**** Input material
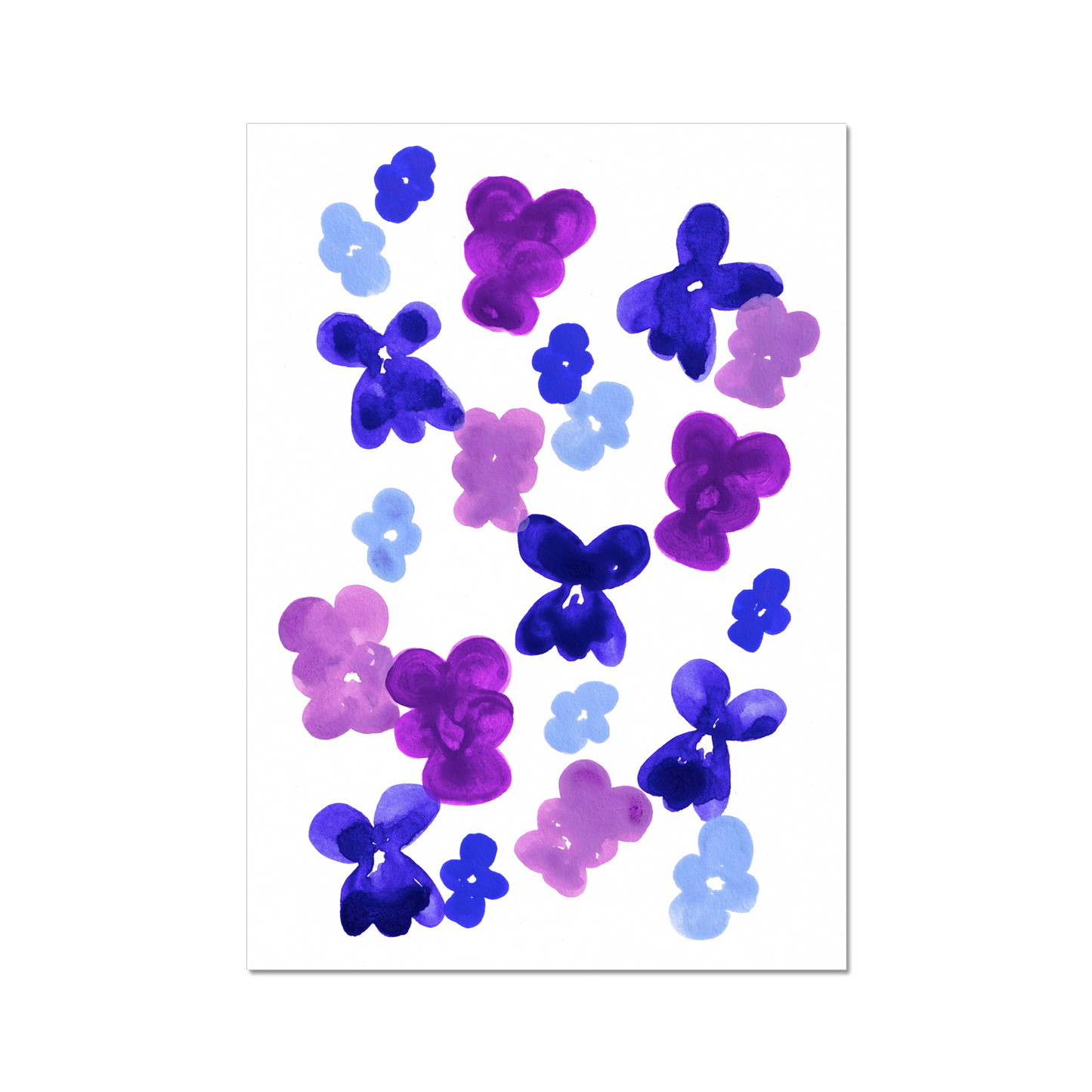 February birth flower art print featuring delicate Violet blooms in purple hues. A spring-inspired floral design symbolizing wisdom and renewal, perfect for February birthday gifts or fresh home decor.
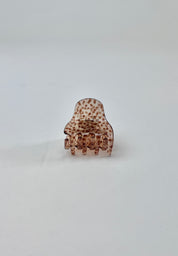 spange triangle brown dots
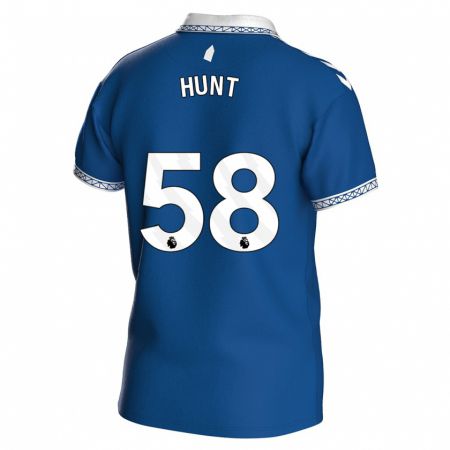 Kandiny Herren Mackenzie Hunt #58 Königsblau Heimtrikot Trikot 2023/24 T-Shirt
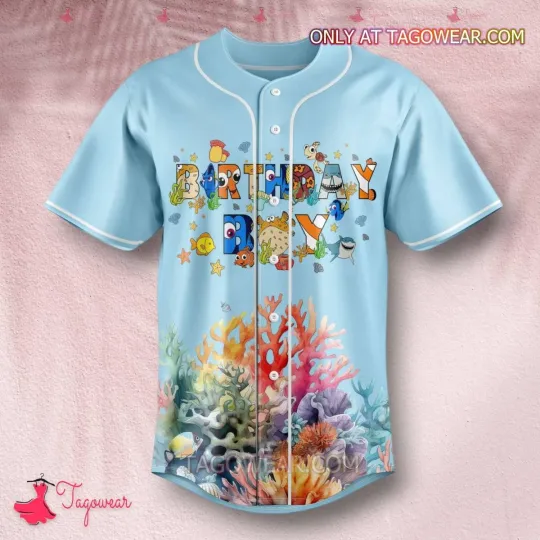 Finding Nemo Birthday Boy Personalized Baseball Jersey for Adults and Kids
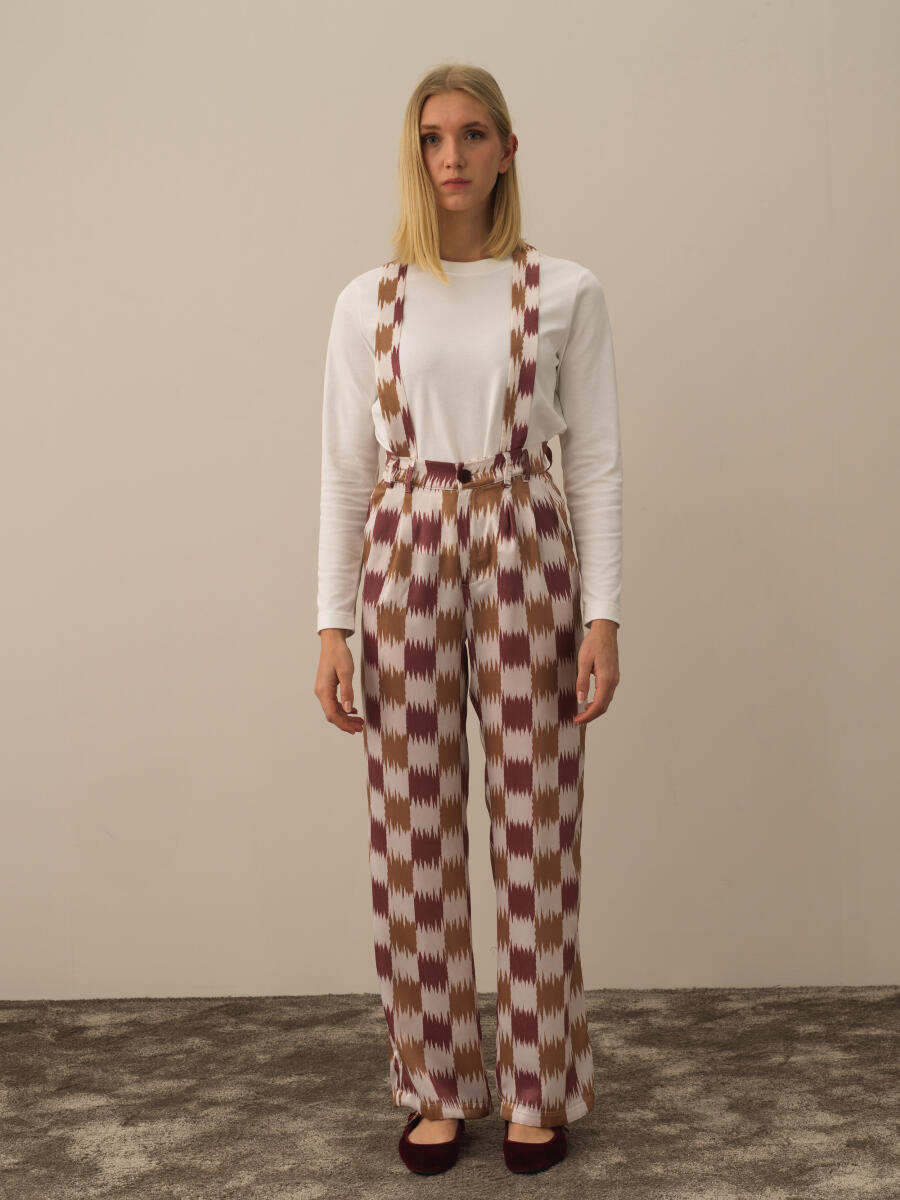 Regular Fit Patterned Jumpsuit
********
**** Input material
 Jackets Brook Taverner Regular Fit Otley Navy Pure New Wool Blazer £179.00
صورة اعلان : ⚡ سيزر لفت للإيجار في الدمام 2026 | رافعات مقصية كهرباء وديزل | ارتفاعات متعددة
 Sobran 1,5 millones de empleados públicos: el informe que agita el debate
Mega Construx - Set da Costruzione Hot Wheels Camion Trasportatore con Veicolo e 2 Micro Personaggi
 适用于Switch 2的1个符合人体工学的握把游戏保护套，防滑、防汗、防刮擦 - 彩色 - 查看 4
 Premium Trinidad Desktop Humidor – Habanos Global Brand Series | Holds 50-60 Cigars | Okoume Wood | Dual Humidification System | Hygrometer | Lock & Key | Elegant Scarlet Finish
********
Activity: Above are the records; restate exactly the lines from the one containing "February birth flower" through the one containing "Regular Fit Patterned Jumpsuit", keeping pictures out.

Response to this task:
 February birth flower art print featuring delicate Violet blooms in purple hues. A spring-inspired floral design symbolizing wisdom and renewal, perfect for February birthday gifts or fresh home decor.
 spange triangle brown dots
 Kandiny Herren Mackenzie Hunt #58 Königsblau Heimtrikot Trikot 2023/24 T-Shirt
 Finding Nemo Birthday Boy Personalized Baseball Jersey for Adults and Kids
 Regular Fit Patterned Jumpsuit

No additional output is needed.